Nestled amongst the lush, dark rainforest of the West Coast of New Zealand’s South Island is a cafe named for the area’s dominant industry: Coalface Cafe. Behind Ngakawau’s Coalface Cafe is the train line, carriages loaded with coal. Behind that is a two-kilometer long cableway, capable of transporting 289 tonnes of coal an hour from the mine over the ridge.
It’s early afternoon on a weekday but the cableway is still, the metal buckets dangling over the hillside. Somewhere behind the hill, two activists from the group Climate Liberation Aotearoa are sitting in one of the coal buckets. They reached it by an arduous four-hour trek through the dense forest. They then harnessed themselves in and used the cable as a kind of zipline to reach the bucket, filling it with supplies: dehydrated food, fuel for their stove, warm layers. While they stayed there, the cableway could not operate.
“The scenery is gorgeous, apart from the mining infrastructure,” said Rach Andrews, one of the activists in the bucket. Drilled spoke to her two days into the occupation, at the end of July; she and Tāmati Taptiklis stayed in the bucket for 23 days, significantly delaying production at Stockton coal mine, New Zealand’s largest. The business says it cost about $30,000 a day not to be able to operate the cableway, a bill of approximately $600,000 in total. Taptiklis and Andrews have been charged with trespass and unlawful conversion of a vehicle (the coal bucket) into a house. The trial will be later this year, and while on bail they are banned from contacting each other.
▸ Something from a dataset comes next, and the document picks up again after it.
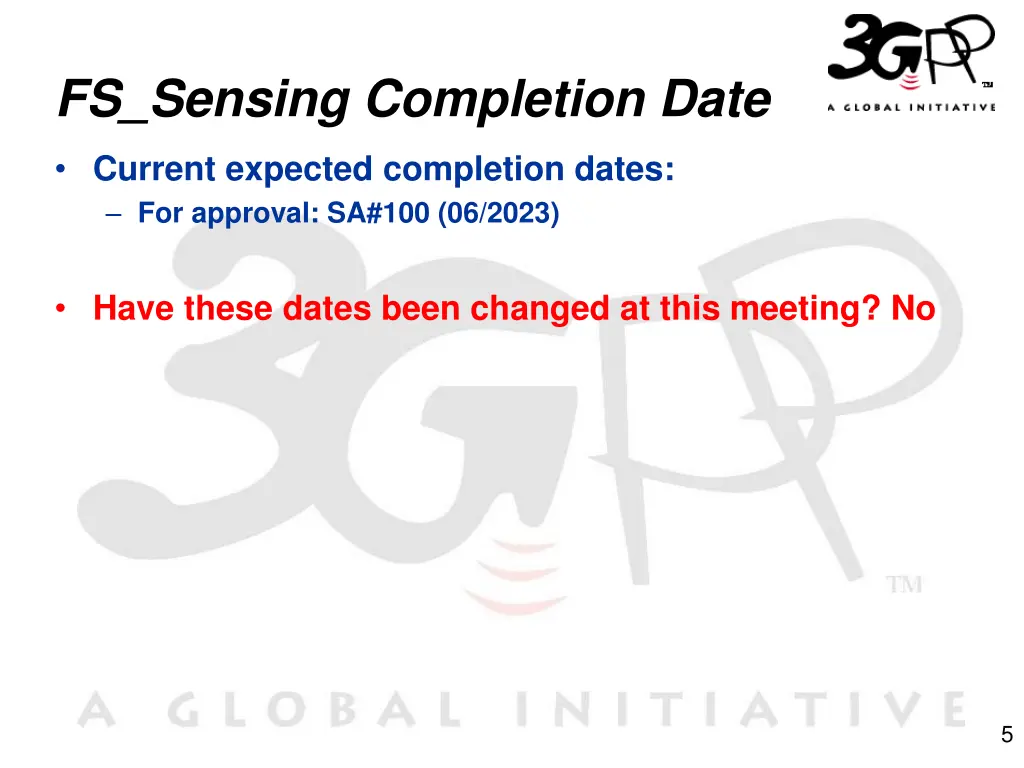 fs sensing completion date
Coalface cafe. Photo by Shanti Mathias.
To make coal mining easier, change regulations
Stockton coal mine has been operating in various forms since the 1890s. It’s owned by Bathurst Resources, a New Zealand-based company, majority owned by Singaporeans but listed on the Australian stock exchange. Originally started in Perth, Australia, Bathurst has also operated mines in Kentucky, but has been focused on producing coal in New Zealand since 2010.
On current projections, Stockton has about three years of coal left. Bathurst has applied for a permit to open a mine on the Denniston plateau, which adjoins Stockton. There’s a seam of coal about 50 meters under the ground: accessing it will require blasting through bedrock.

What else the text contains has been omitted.